Markup UnderScore

Copyright (C) 2004-2016 Jürgen "eTM" Mangler [email protected]

MarkUS is freely distributable according to the terms of the GNU Lesser General Public License 3.0 (see the file 'COPYING').

This code is distributed without any warranty. See the file 'COPYING' for details.

Introduction

All template libraries suck. But sometimes they are useful, for quick n' dirty building of documents. This template library will of course suck as well. It is inspired by _why's markaby. It supports JSON and XML.

Possible Applications

It can be used for better handling of big elasticsearch querys (json), for creating html documents, or for stuff that ought to return json, xml, or switchable json<=>xml.

Usage - Jump Start

Its fairly simple:

  1. Create classes that inherit from MarkUS, and add templates with a name to them (see below).
  2. In the templates use arbitrary code, mixed with functions that have an _ at the end.
  3. Everything with an _ at the end is added to the result buffer
    • If the first parameter is a String or Integer it will be used as content of the element
    • If any parameter is a Hash it will be used as attributes in XML, or you-know-what in JSON
    • If any parameter is an Array it will be used as you-know-what in JSON
    • If it has a block, a nested data structure is implied (see template examples below)
    • JSON only: by default a Hash is assumed, if you pass a paramter array, e.g. value_ do |array| ... end, the result is "value": [ ... ]
    • #template_! is a special method to include other templates
    • #element_! allows you to include stuff in your result that is not a valid ruby function name (e.g. with a dot in the name - see below)
  4. Get the result by instantiating the class and calling one of #json_!, #xml_!, #html_!
    • #xml_! and #html_! differ in the way elements with no content are printed.
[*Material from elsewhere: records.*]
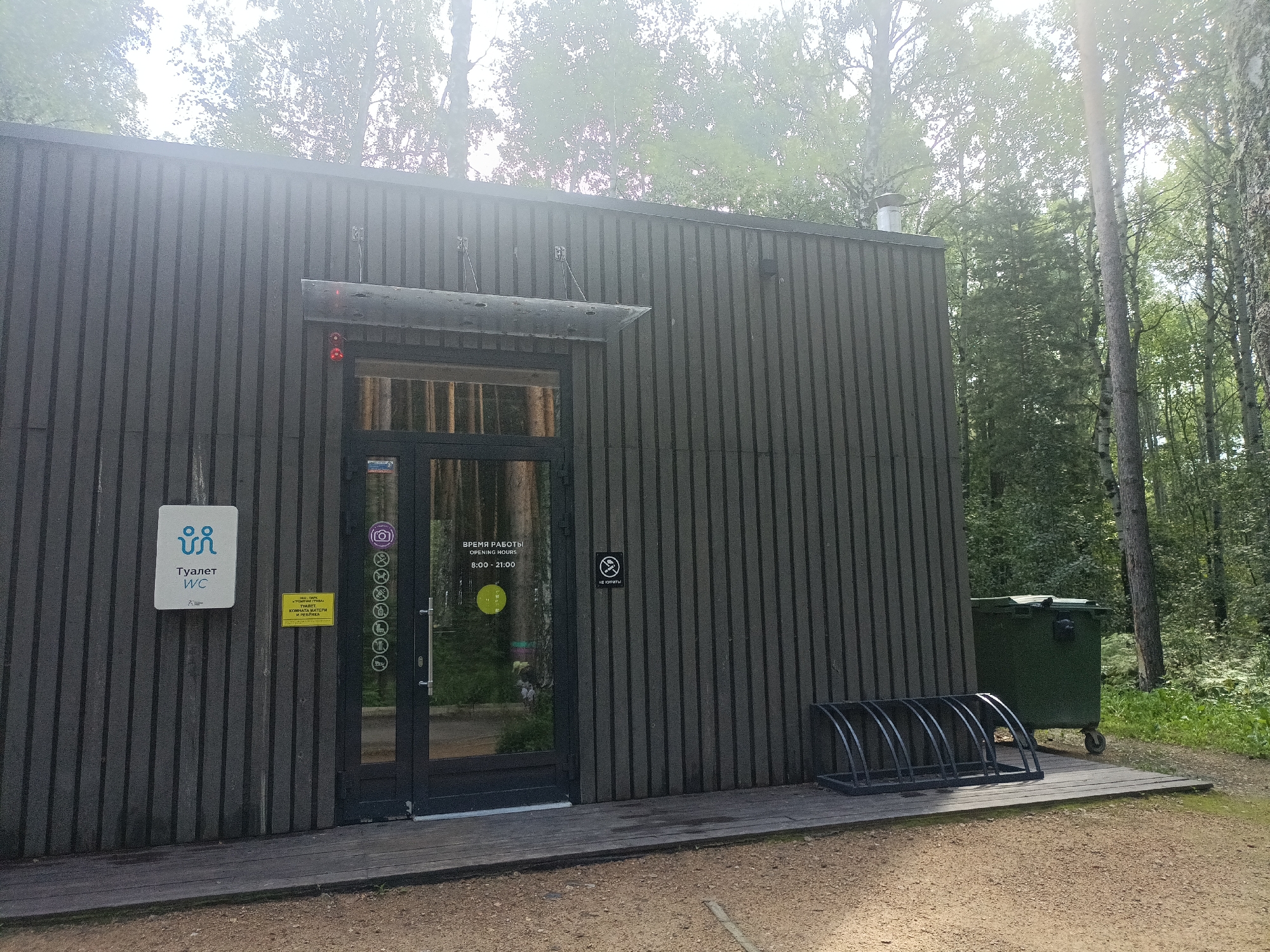 The image depicts an exterior view of a modern public restroom facility situated in a wooded area. The building has a dark gray, vertical wooden plank exterior. A glass-paned door with a metal handle provides entrance. Above the door, a metal awning is visible.
To the left of the entrance, a white sign displays the universal symbol for a toilet and the word "Туалет" (Toilet) in Russian, along with "WC". Below this sign, a smaller yellow sign reads "ВРЕМЯ РАБОТЫ OPENING HOURS 8:00 - 21:00". A vertical row of circular symbols is affixed to the doorframe, to the right of the entrance. One symbol appears to be a camera, and others depict various icons. A black circular sign with a white cigarette and a diagonal line through it, indicating "no smoking", is mounted on the building to the right of the door.
In front of the building, a wooden platform extends outwards. A black metal bicycle rack, capable of holding several bicycles, is positioned on this platform. To the right of the platform and building, a large green dumpster with wheels is visible.
The background consists of a dense forest with tall trees, suggesting the location is in a natural or park-like setting. The lighting suggests it is daytime, with some atmospheric haze or glare present. The ground in front of the building is a mix of gravel and dirt.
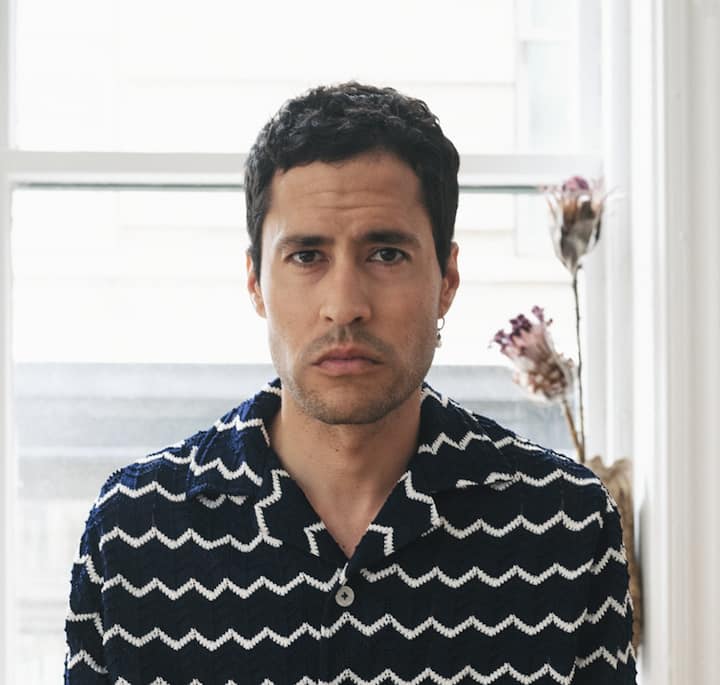 Portrait of an individual indoors, featuring a navy zigzag-patterned shirt, a white-framed window, and dried flowers in the background.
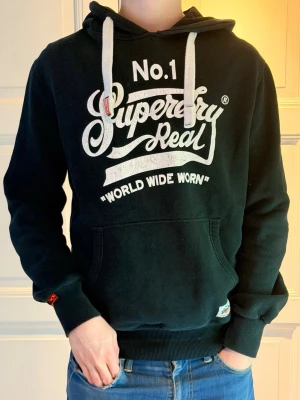 Superdry hoodie - Fint fint skick inga defekter. Vid frågor eller så är det bara att höra av er.Moddelen är 185 och väger 75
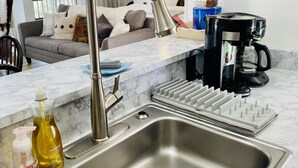 A modern kitchen with a stainless steel sink, a coffee maker, and a framed picture on the wall. - Oz Festival! Walk to Resort! Pets! Fireplace! (Beech Mountain)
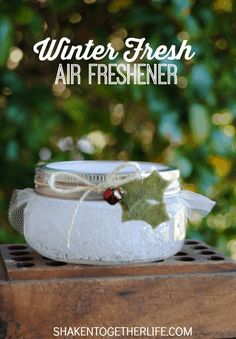 a glass jar filled with air freshener sitting on top of a wooden box next to trees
XML uses short-handed tags, HTML doesn't.

#json_!, #xml_! and #html_! need the name of the template as the first parameter, optional you can pass a hash. All pairs in the hash are available as instance variables. Of course you can also handle it yourself through a constructor in the template class.

Usage - Example

template1.rb:

class Common < MarkUS
  template :test1 do
    query1_ [2, 3, @w]
  end
  template :test2 do
    query2_ :a => 2, :b => @h
  end
end

template2.rb:

require File.expand_path(File.dirname(__FILE__) + '/template1')

class Something < MarkUS
  templates Common

  indent

  template :main do
    template_! :test1
    template_! :test2
  end
end

main.rb:

  require 'markus'
  require File.expand_path(File.dirname(__FILE__) + '/template2')
  s = Something.new
  result = s.json_! :main, :h => 'hello', :w => 'world'
  puts result

If you add reload to any of the template classes, they will be reloaded if they change (if templates are used in a long-running service).

HTML Example Template

html_ do
  body_ :class => 'test' do
    a_ 'Ruby', :href => 'https://ruby-lang.org'
    span_ do
      'Some Text'
    end
  end
end

JSON Example Template

query_ do
  filtered_ do
    filter_ do
      bool_ do
        must_ do |array|
          nested_ do
            path_ "contact"
            query_ do
              term_ do
                element_! "contact.durchwahl", 1
              end
            end
          end
        end
      end
    end
  end
end

Why the f**k would i use a template library for JSON when i can just create a big hash or array and create a json out of it? If you ever find yourself feeling bad or lost with your big hashes, try this out. Maybe you like it, maybe not. Who knows.

Installation

  • You need a least ruby 1.9.3

Further Reading

View the example in the ./examples subdirectory. View the tests in the ./test subdirectory. From there you should be able to figure it out yourself. Tip: neat combinations with heredocs are possible, e.g. to create script tags in html.